Backdoor hidden inside text unreadable by the ROBLOX editor

Does using the Find / Replace tool “reveal” the backdoor require or atleast signify that there’s an “invisible” require in there?

Nope. Nothing, I even searched through all the scripts in game and nothing showed up.

Interesting. I can’t tell whether it’s some unicode magic that causes the script editor to fail (which is a possibility considering the text of the backdoor shows character spam of a certain unicode character) or externally edited rbxm’s that have then been imported into studio.

A similar thing has been done with this model (credit script) and basically same whole thing, different modules hiding it all, hidden text, massive lag at start of server (because of God knows how many returns) and this model is basically the copy of a trusted one and probably botted.

That’s freaky on how something like that has that many sales and still has a malicious method of loading unreviewed/unwanted code.

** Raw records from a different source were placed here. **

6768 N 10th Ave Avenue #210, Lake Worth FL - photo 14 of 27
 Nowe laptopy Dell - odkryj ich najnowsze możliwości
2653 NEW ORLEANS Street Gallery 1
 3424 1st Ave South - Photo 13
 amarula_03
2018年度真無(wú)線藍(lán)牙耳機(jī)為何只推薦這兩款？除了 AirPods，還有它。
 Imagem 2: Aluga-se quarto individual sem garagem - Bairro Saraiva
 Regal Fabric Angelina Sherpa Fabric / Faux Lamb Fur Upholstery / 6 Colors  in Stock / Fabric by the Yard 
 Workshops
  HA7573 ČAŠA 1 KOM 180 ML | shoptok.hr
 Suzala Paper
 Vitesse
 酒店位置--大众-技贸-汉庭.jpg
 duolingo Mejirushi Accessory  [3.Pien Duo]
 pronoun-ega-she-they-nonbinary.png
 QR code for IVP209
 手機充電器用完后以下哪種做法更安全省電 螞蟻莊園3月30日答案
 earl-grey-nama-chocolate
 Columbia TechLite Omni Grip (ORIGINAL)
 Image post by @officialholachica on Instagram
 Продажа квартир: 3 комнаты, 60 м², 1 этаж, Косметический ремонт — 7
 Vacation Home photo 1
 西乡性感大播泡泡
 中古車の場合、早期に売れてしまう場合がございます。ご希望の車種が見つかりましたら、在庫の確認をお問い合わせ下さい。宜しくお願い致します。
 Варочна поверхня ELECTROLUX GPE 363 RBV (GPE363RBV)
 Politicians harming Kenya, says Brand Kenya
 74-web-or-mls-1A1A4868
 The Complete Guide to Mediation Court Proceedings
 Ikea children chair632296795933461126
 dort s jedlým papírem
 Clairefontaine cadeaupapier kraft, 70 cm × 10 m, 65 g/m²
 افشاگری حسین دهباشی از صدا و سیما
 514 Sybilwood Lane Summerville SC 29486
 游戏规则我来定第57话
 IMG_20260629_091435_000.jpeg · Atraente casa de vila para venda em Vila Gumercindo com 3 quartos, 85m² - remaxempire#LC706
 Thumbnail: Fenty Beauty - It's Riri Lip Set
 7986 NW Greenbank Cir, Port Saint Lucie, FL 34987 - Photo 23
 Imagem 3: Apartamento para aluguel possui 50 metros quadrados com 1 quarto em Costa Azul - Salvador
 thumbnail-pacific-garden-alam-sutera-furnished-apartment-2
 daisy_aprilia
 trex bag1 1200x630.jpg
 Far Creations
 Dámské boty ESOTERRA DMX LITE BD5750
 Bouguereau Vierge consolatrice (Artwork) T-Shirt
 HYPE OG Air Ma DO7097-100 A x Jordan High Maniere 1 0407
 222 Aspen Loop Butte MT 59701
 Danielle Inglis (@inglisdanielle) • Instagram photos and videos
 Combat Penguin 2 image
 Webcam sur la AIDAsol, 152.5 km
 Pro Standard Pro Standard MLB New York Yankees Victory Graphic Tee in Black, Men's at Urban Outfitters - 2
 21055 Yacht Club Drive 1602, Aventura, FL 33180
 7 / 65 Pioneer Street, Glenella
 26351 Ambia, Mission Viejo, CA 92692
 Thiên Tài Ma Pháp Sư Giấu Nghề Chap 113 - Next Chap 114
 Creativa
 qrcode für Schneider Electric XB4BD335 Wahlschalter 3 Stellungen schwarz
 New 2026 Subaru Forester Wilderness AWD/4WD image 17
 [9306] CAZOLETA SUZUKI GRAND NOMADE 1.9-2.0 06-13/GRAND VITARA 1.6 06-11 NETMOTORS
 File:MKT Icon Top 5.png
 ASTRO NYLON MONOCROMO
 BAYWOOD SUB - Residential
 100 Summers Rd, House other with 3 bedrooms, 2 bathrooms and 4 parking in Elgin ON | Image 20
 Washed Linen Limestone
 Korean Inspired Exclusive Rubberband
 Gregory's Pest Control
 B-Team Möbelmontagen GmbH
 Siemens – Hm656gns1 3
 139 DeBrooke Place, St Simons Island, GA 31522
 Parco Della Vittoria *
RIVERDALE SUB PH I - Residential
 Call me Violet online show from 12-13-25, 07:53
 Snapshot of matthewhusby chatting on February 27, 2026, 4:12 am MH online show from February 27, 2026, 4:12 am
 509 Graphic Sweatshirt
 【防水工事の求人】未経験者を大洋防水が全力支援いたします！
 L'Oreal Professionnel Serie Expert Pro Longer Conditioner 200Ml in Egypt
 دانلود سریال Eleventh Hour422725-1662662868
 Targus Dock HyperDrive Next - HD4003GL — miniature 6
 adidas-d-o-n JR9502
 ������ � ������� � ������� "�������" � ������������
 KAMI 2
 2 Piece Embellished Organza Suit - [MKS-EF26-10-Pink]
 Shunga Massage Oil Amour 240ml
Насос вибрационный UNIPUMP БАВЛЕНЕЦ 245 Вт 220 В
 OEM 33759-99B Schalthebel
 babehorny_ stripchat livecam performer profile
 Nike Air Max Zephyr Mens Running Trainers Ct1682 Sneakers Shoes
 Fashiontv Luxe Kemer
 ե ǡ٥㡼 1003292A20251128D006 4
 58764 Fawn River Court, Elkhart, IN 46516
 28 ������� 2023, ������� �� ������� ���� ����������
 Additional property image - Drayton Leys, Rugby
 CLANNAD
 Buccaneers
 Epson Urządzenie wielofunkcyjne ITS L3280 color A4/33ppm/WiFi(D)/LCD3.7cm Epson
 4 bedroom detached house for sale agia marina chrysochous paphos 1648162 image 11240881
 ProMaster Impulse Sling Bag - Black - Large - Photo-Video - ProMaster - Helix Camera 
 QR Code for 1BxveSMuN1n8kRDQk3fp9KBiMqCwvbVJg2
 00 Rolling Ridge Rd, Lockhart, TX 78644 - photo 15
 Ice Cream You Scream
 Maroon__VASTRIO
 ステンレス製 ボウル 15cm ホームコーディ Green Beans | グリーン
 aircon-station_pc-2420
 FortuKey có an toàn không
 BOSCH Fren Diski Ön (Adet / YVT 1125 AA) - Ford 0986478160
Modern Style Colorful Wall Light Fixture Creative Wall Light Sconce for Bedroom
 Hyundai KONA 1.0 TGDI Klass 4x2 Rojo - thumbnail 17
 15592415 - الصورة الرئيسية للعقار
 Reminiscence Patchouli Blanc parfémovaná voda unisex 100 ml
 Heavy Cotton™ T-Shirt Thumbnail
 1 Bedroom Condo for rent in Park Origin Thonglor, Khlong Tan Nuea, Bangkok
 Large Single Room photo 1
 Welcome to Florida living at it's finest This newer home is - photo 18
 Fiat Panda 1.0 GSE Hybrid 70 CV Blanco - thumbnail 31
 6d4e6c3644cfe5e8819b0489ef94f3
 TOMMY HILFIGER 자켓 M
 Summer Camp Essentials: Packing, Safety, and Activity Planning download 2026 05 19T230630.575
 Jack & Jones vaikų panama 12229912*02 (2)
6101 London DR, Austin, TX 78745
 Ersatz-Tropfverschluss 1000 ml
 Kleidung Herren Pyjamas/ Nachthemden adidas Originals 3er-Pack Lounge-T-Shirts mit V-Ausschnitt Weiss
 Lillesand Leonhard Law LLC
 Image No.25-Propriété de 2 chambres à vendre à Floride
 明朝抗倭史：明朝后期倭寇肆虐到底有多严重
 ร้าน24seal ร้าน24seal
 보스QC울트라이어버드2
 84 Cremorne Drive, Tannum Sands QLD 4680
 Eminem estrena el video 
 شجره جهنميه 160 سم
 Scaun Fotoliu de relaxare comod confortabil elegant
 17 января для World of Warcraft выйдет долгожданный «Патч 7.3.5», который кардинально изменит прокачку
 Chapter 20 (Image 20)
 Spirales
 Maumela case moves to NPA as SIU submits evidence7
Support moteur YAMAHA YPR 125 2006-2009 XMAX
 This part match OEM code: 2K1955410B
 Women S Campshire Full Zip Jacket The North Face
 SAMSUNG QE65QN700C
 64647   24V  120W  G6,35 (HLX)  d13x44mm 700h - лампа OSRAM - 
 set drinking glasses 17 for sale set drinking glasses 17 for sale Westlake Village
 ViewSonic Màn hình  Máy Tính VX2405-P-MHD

But I’m not surprised on how slow Roblox even takes to respond. I’ve reported numerous models that are obviously a backdoor hidden in obfuscated code to only still see them up months later. Even giving Roblox an easy way to see who all made the exploit irl with some of the exploits with the ‘creators usernames and friends’ in the script. They’re still free to play on Roblox.

All 6 of the models on the top row of the free models page are models with malicious code. They were created a few days ago and have been botted to 5 million sales. The require() calls within the scripts are invisible in the roblox script editor. They are only visible after pasting into a text editor. See the images:

image839×303 84.3 KB

image856×157 2.32 KB

image1085×483 7.31 KB

The malicious code seems also to come from plugins as well as free models.

That’s exactly what I found and that’s why I made this thread so that Roblox finds this and makes changes to the script editor so people can see the hidden text.

Roblox has been very poor lately on the multiple site report item complains that I’ve sent to quite a bit of malicious modules.

I’m not sure if they’re really not focusing on it or if they dissolved their code reviewal team either.

There are still yet backdoors and backdoor creators with their models and account still existing for over two months since I’ve reported it, but actually been active since September of 2019. That’s already half a year since this model been up and Roblox still won’t terminate the creators or delete the model.

Hello!
I am a developer of GameGuard Antivirus, and with this information, it can detect these type of…“hidden” threats now. You can try it out by downloading the plugin, inserting that yucky script, and running a scan.
Thank you for this information, it made my plugin way better!

Please don’t mark an issue as solved as Roblox staff may not look at a ‘solved’ issue.

This issue is still not yet solved and it’s a issue that can be used maliciously to hide code visually in studio script editor.

I tried posting this in studio bugs but a post approval person told me someone already reported it privately.

what did he use to decode the hidden backdoor?

The backdoor is only hidden inside the script editor of studio. Any other editor including notepad will unhide the backdoor.

thanks i was testing this out and its surprisingly easy for a person that has no experience with scripting to do this weird

Question.
How can you read Un-readable text?
Like shown in this image:

image1920×400 23.1 KB

Just copy what you think is suspicious and then paste in notepad and it will show.

How did you even removed it out of your Scripts?

Remove what’s supposed to be a comment

Apparently they have used OBJ formatter bytes to make the text not appear

bro there is no other way i can contact u. Please give my tools back. I lost my invisible cape and other stuff.